OCR Software Dev Abbyy Exposes 200,000 Customer Documents (bleepingcomputer.com)
A misconfigured MongoDB server belonging to Abbyy, an optical character recognition software developer, allowed public access to customer files. From a report: Independent security researcher Bob Diachenko discovered the database on August 19 hosted on the Amazon Web Services (AWS) cloud platform. It was 142GB in size and it allowed access without the need to log in. The sizeable database included scanned documents of the sensitive kind: contracts, non-disclosure agreements, internal letters, and memos. Included were more than 200,000 files from Abbyy customers who scanned the data and kept it at the ready in the cloud. "Some collection names like 'documentRecognition,' or 'documentXML' hinted that database would be part of a data recognition company infrastructure," Diachenko writes in a blog post today.

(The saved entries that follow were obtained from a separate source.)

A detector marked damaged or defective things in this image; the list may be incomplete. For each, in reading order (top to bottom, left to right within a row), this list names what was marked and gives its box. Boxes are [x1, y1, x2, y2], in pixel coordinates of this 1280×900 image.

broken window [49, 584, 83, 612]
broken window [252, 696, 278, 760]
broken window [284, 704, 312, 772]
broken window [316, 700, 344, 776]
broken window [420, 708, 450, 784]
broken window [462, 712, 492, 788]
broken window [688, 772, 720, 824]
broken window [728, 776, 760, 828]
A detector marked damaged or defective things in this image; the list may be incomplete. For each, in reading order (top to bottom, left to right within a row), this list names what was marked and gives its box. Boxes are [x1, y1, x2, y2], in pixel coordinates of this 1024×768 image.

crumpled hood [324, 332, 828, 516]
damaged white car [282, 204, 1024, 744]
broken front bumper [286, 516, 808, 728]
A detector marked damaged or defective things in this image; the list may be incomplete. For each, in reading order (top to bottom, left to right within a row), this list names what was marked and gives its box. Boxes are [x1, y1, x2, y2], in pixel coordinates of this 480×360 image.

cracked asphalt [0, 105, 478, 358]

Don't bother keeping anything onsite. Thanks, AWS.
https://www.youtube.com/watch?...
Pain is merely failure leaving the body
I just assume that any online (cloud based or not) OCR or fax bridge site is going to store a copy of my document in an insecure way. I assume that employees of the service will have access to view my document. I haven't thought too much about them exposing my documents to the public, but it's not a huge step from what I already assumed about them. Anyway, the result is that I don't send anything sensitive or with information I wouldn't want publicly known through online OCR or fax. Because it would be crazy to upload my private sensitive documents to randos on the Internet and assume that they'll never be seen.

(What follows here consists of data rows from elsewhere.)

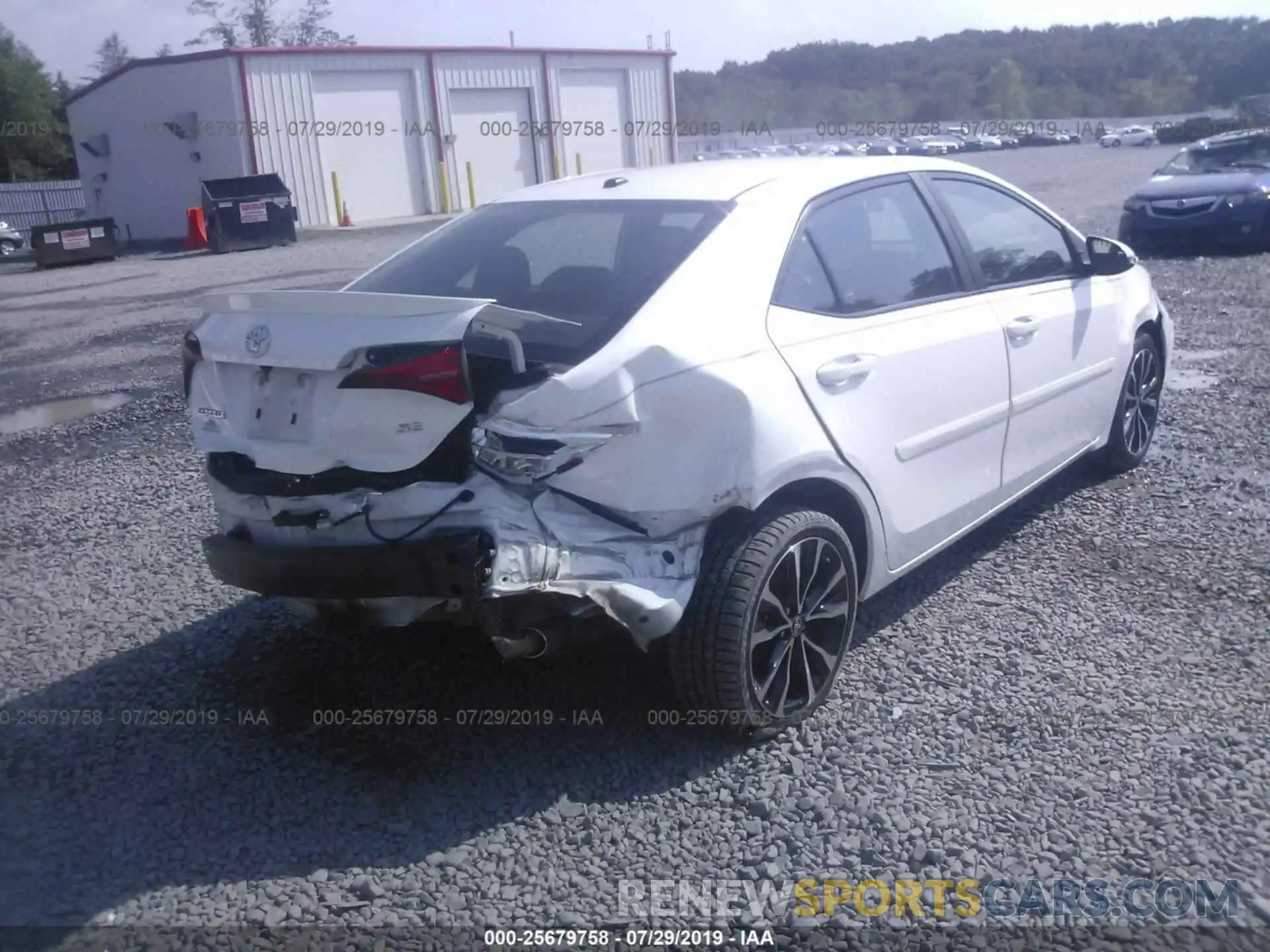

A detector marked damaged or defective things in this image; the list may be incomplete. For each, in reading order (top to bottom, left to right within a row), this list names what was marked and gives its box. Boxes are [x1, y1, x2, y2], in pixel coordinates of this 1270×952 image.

broken tail light [184, 331, 204, 402]
damaged trunk lid [188, 288, 577, 484]
broken tail light [337, 341, 471, 402]
severe rear damage [189, 287, 725, 651]
crumpled bumper [204, 471, 709, 648]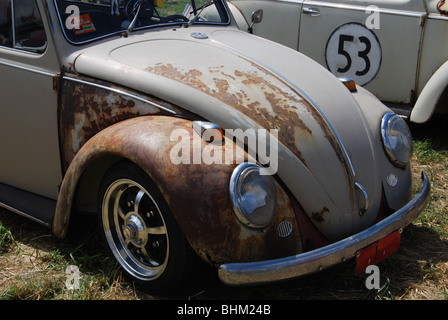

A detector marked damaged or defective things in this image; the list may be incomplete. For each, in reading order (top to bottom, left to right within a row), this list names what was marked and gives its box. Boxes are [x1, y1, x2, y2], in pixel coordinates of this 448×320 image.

rusty fender [53, 116, 304, 266]
rusty front hood [74, 26, 382, 240]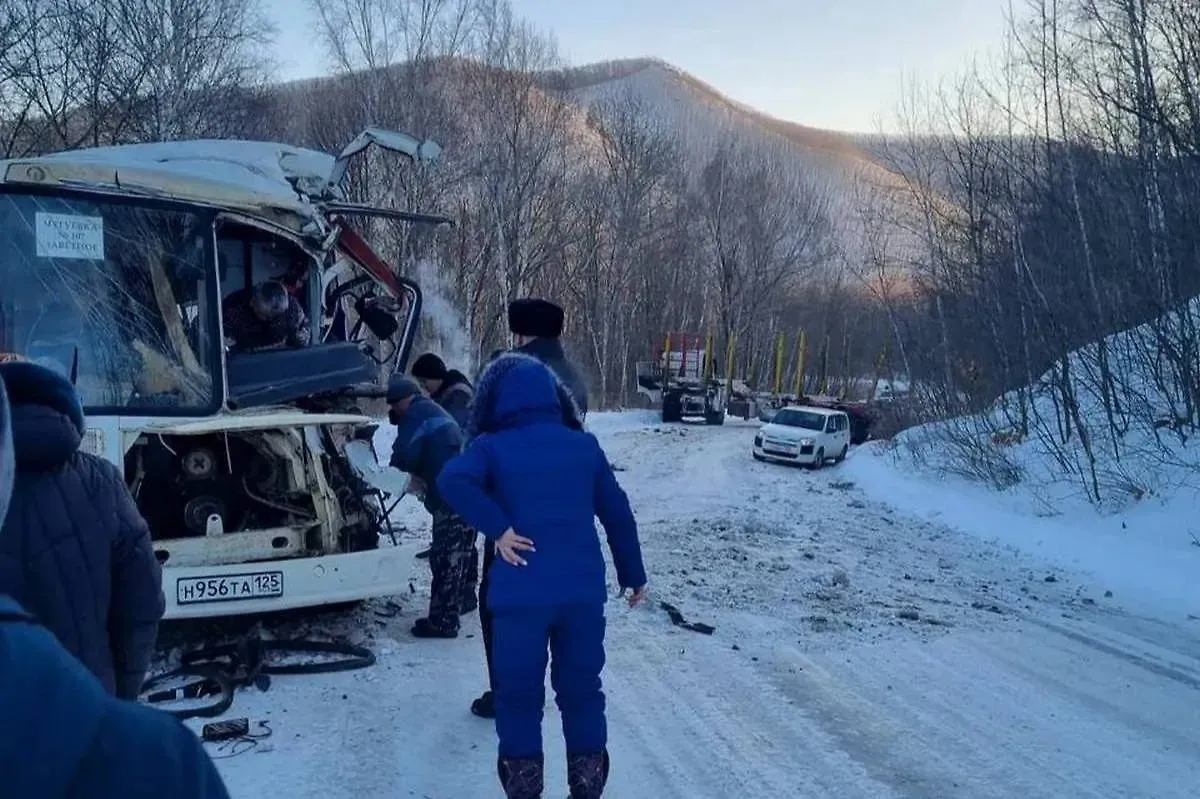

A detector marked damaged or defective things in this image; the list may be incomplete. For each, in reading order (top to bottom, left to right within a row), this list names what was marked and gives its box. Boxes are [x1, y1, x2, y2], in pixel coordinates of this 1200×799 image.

shattered windshield [0, 187, 220, 410]
damaged bus front [0, 128, 451, 614]
shattered windshield [772, 410, 830, 429]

the DB itself was on the web? and not under some kind of proxy?
Notice how those who decided to have the scanning process outsourced to "somewhere in the cloud" will consider this a confirmation of their success. Now all the blame is assigned to Abby, and no blame assigned to them - exactly what they wanted to achieve, nothing less.
Yeah that's the thing...it is so easy to use and already comes with an API. The only reason your typical developer would put anything behind a proxy is to graft an API onto it.
I object to power without constructive purpose. --Spock
Couldn't a bunch of AWS customers band together to hire a security researcher to check their permissions? Or even Amazon itself on behalf of their clients?
Granted, there are issues of what companies want public and what they want private. I'm guessing anything bigger than a gig might trigger a warning, as would anything with personal data.
Then again, I've never used the cloud for anything more than transferring stuff from my phone to my PC, or vice versa, and have never used AWS. So I have no real experience with the issues, but am willing to bloviate on them, just like Trump.
My basic assumption for anything being OCR'd effectively free in the cloud through a software provider is that it's not safe. Could be sloppiness (as in this case), could be automated OCR+human verification.
While I actually do have a couple of Abbyy programs installed (FineScanner Pro and Business Card Reader Pro), I've never actually made serious use of them. On the other hand, I do use Microsoft's Office Lens program which provides much of the same capabilities - but provided under the Office 365 bundling and with a lot more resources devoted to security.
I used to have a couple more photo-to-scanned-document software packages as well, but I decided to dump anything like that from Russian companies some time back. Abbyy's presence is as much an oversight of "haven't cleaned in a while" as anything else.
fencepost
just a little off
Or ... why is it always mongodb?